Различаются рассказ о событиях одного из действующих лиц, адресованный не читателю, а слушателям-персо­нажам, и рассказ об этих же событиях такого субъекта изображе­ния и речи, который является посредником между миром персо­нажей и действительностью читателя. Только рассказ во втором значении следует – при более точном и ответственном словоупотреблении – называть «повествованием». Например, вставные истории в пушкинском «Выстреле» (рассказы Сильвио и графа Б*) считаются таковыми именно потому, что они функционируют внутриизображенного мира и становятся известны благодаря основному рассказчику, который передает их читателю, обращаясь непосредственно к нему, а не к тем или иным участникам событий.

Таким образом, при подходе, дифференцирующем «акты рассказывания» в зависимости от их адресата, категория повествователя может быть соотнесена с такими различными субъектами изображения и речи, как повествователь , рассказчик и «образ автора». Об­щей для них является посредническая функция, и на этой основе возможно установление различий.

Повествователь тот, кто сообщает читателю о событиях и поступках персонажей, фиксирует ход времени, изображает облик действующих лиц и обстановку действия, анализирует внутреннее состояние героя и мотивы его поведения, характеризует его человеческий тип (душевный склад, темперамент, отношение к нравственным нормам и т. п.), не будучи при этом ни участником событий, ни – что еще важнее – объектом изображения для кого-либо из персонажей. Специфика повествователя одновременно – во всеобъемлющем кругозоре (его границы совпадают с границами изображенного мира) и в адресованности его речи в первую очередь читателю, т. е. направленности ее как раз за пределы изображенного мира. Иначе говоря, эта специфика определена положением «на границе» вымышленной действительности.


Подчеркнем: повествователь – не лицо, а функция. Или, как говорил немецкий писатель Томас Манн (в романе «Избранник»), «невесомый, бесплотныйи вездесущий дух повествования». Но функция может быть прикреплена к персонажу (или некий дух может быть воплощен в нем) – при том условии, что персонаж в качестве повествователя будет совершенно не совпадать с ним же как действующим лицом.
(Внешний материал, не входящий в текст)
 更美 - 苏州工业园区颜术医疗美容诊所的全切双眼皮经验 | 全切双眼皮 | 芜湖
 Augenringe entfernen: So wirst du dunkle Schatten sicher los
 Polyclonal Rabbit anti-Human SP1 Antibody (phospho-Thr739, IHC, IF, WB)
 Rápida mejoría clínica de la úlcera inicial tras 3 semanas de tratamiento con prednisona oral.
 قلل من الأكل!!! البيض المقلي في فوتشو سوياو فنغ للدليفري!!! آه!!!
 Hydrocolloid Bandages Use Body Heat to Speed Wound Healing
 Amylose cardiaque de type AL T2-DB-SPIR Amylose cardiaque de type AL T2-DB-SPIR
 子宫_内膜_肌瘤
Такова ситуация в пушкинской «Капитанской дочке». В конце этого произведения первоначальные условия рассказывания, казалось бы, решительно изменяются: «Я не был свидетелем всему, чем мне остается уведомить читателя; но я так часто слыхал о том рассказы, что малейшие подробности врезались в мою память и что мне кажется, будто бы я тут же невидимо присутствовал», Невидимое присутствие – традиционная прерогатива именно повествователя, а не рассказчика. Но отличается ли хоть сколько-ни­будь способ освещения событий в этой части произведения от всего предшествующего? Очевидно, – ничем. Не говоря уже об отсутствии чисто речевых различий, в обоих случаях субъект повествования одинаково легко сближает свою точку зрения с точкой зрения пер­сонажа. Маша точно так же не знает, кто на самом деле та дама, которую она успела «рассмотреть с ног до головы», как и Гринев-персонаж, которому «показалась замечательна» наружность его во­жатого, не подозревает, с кем в действительности случайно свела его жизнь. Но ограниченное ви́дение персонажей сопровождается такими портретами собеседников, которые по своей психологиче­ской проницательности и глубине далеко выходят за пределы их возможностей. С другой стороны, повествующий Гринев – отнюдь не определенная личность, в противоположность Гриневу – действую­щему лицу. Второй – объект изображения для первого; такой же, как и все остальные персонажи. При этом взгляд Петра Гринева-персонажа на происходящее ограничен условиями места и време­ни, включая особенности возраста и развития; гораздо глубже его точка зрения как повествователя. С другой стороны, Гринева-пер­сонажа по-разному воспринимают прочие действующие лица. Но в особой функции «я-повествующего» субъект, которого мы называ­ем Гриневым, предметом изображения ни для кого из персонажей не является. Он – предмет изображения лишь для автора-творца.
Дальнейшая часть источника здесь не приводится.